Para Amin desde el primer momento la URSS, dada la debilidad de los procesos revolucionarios iniciados en distintos países europeos, evitó exportar la revolución. Algo que también hicieron más tarde otros países, como China, Vietnam y Cuba, que priorizaron la defensa de sus respectivas revoluciones. Habla por ello de dos guerras frías: la habida en los años 20 y 30, que buscaba ahogar a la URSS, todavía débil y atrasada, e incluso lanzar contra ella a la Alemania nazi; y la iniciada en 1947, en la que la propaganda imperialista consiguió hacer que se creyera una supuesta superioridad militar soviética y su carácter agresivo.
Interesante resulta el tratamiento de la crisis del sistema y sus consecuencias.

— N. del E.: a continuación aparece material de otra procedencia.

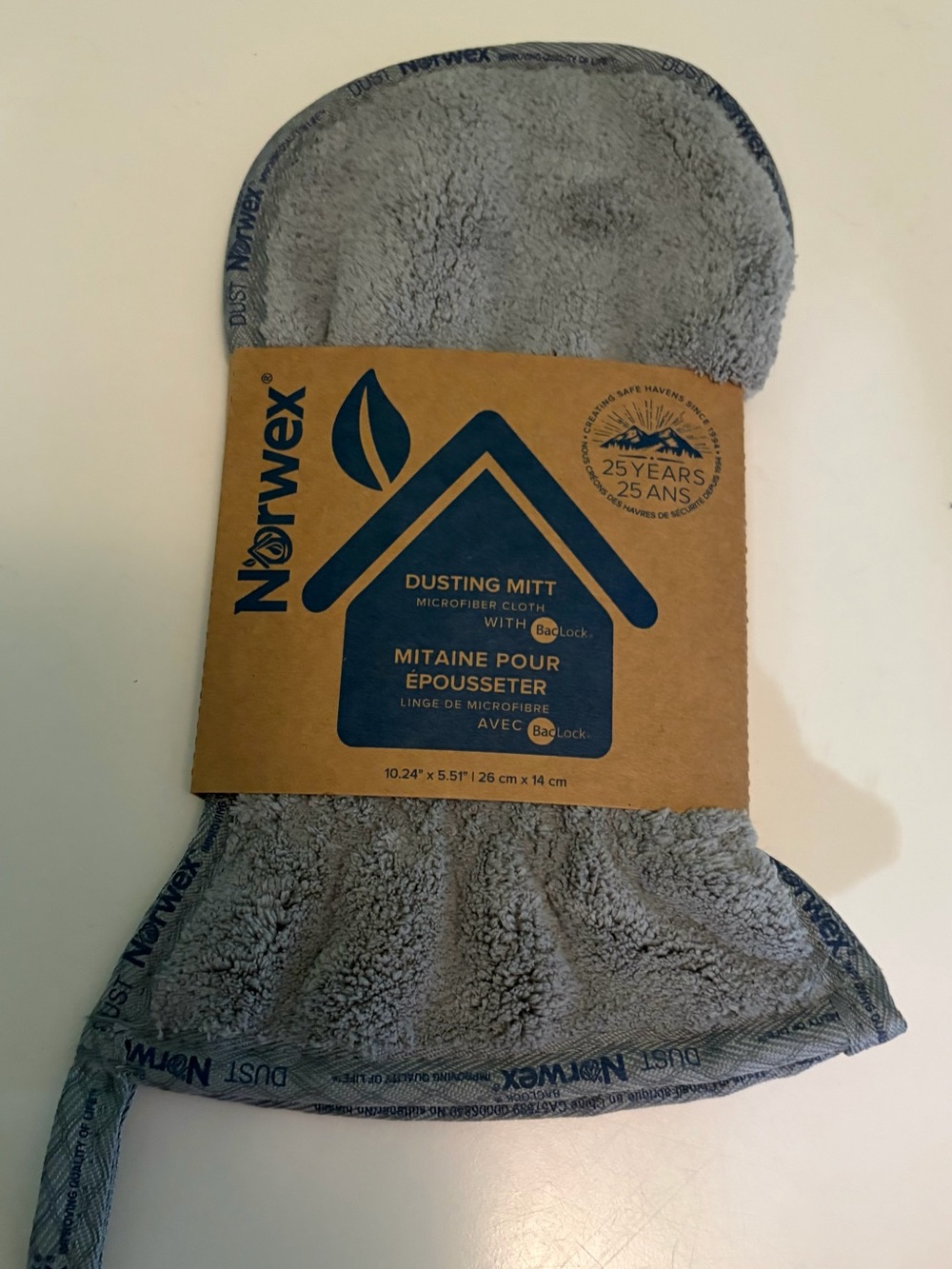 Norwex Gray Microfiber Dusting Mitt with Blue Trim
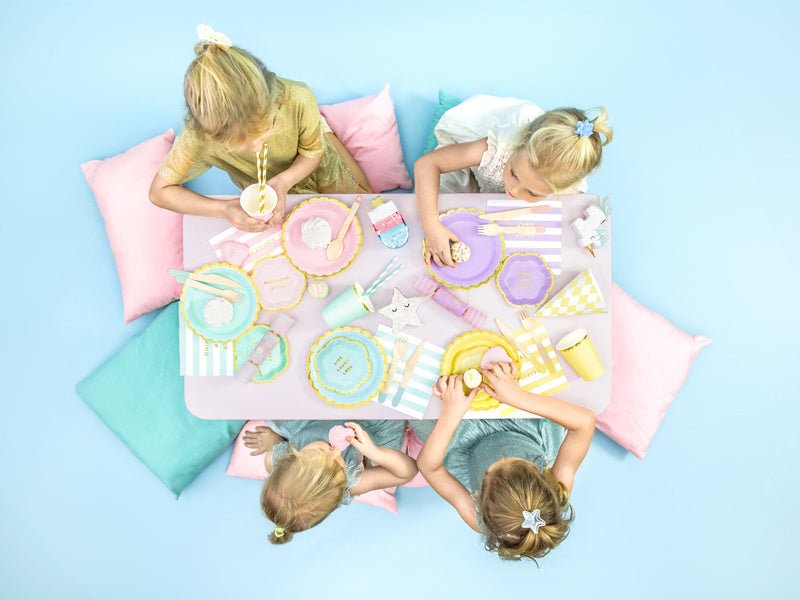 Lichtblauwe Servetten Live Laugh Love 33cm 20st van Partydeco koop je bij Partywinkel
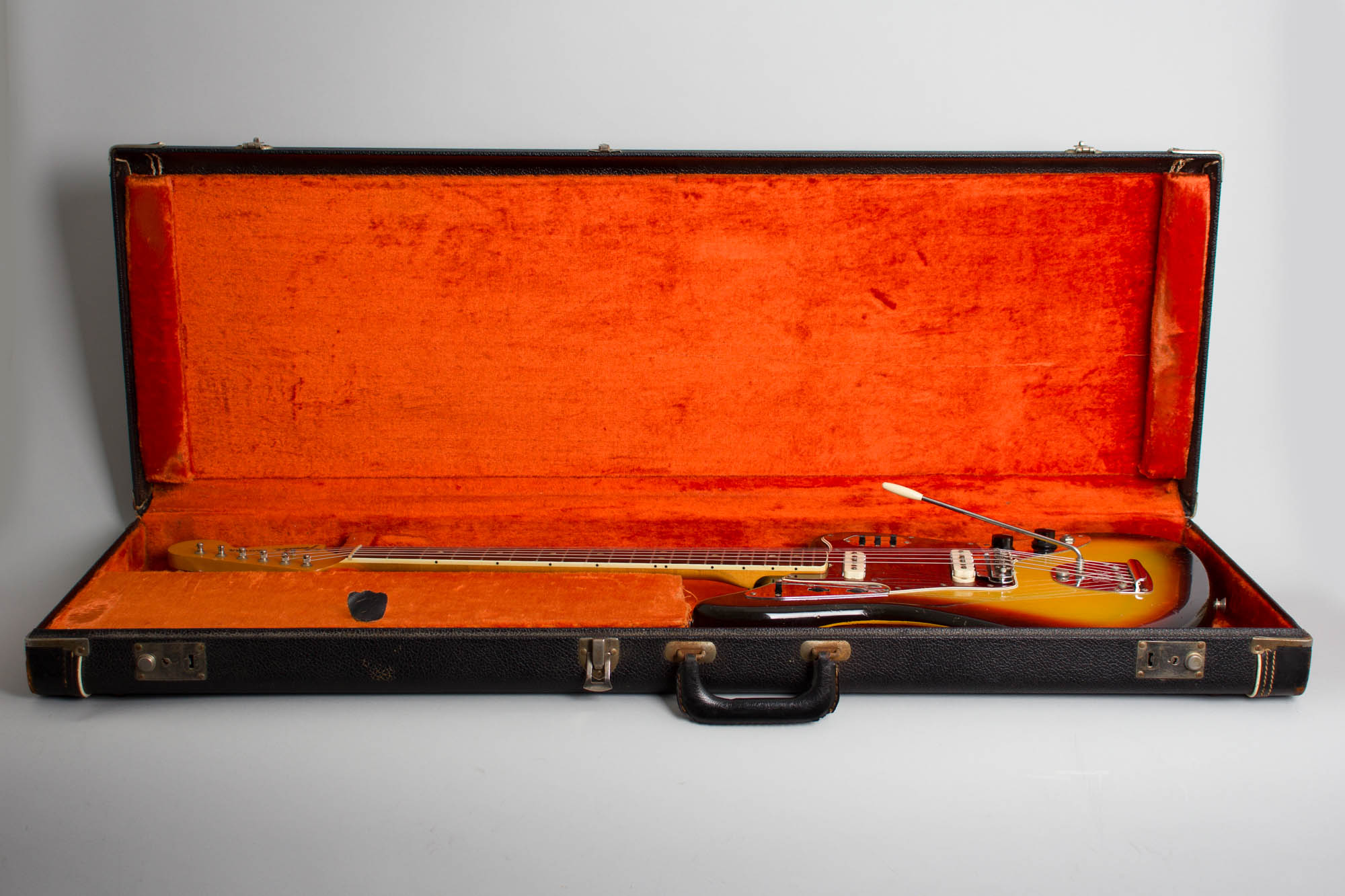 Fender Jaguar Solid Body Electric Guitar (1966) RetroFret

Si hasta la Segunda Guerra Mundial dicho sistema fue capaz de protagonizar mediante la planificación avances económicos y sociales sin precedentes, fracasó en el reto de continuarlos en un mundo y una sociedad de mayor complejidad. A principios de los 60 se desecharon nuevos métodos de gestión planificada basados en las matemáticas y la cibernética incipiente, apostando por una descentralización en la gestión de las empresas y las regiones. Una vez desplazado del poder Jruschev, el periodo de "glaciación brezneviana" acabó fortaleciendo a la nueva clase, la nomenklatura, que gestionó el sistema mediante una paz social que aportó ventajas sociales y tolerancia hacia las acciones ilegales.
Fueron Gorbachov y Yeltsin quienes pusieron fin al sistema y a la URSS. Del primero dice que "pasará a la historia como el arquitecto del desastre", lo que explica su impopularidad en Rusia todavía en nuestros días. Y a los dos los considera como artífices del termidor soviético, esto es, de la restauración del capitalismo. La desaparición de la URSS "no ha constituido, por tanto, de ninguna manera un progreso que haya permitido a las naciones supuestamente oprimidas liberarse del yugo colonial ruso, como repiten los medios de comunicación imperialistas".
Desde la perspectiva de lo que ofrecen en sí mismas las grandes revoluciones, que no las considera en periodos cortos de tiempo, sino largos, "porque se proyectan muy por delante de las exigencias inmediatas del momento", Amin no duda en preguntarse lo siguiente: "¿Tienen, pues, los pueblos que resignarse definitivamente, renunciar a la utopía creadora del comunismo, contentarse con inscribir sus reivindicaciones en el ajuste permanente a un capitalismo eterno?".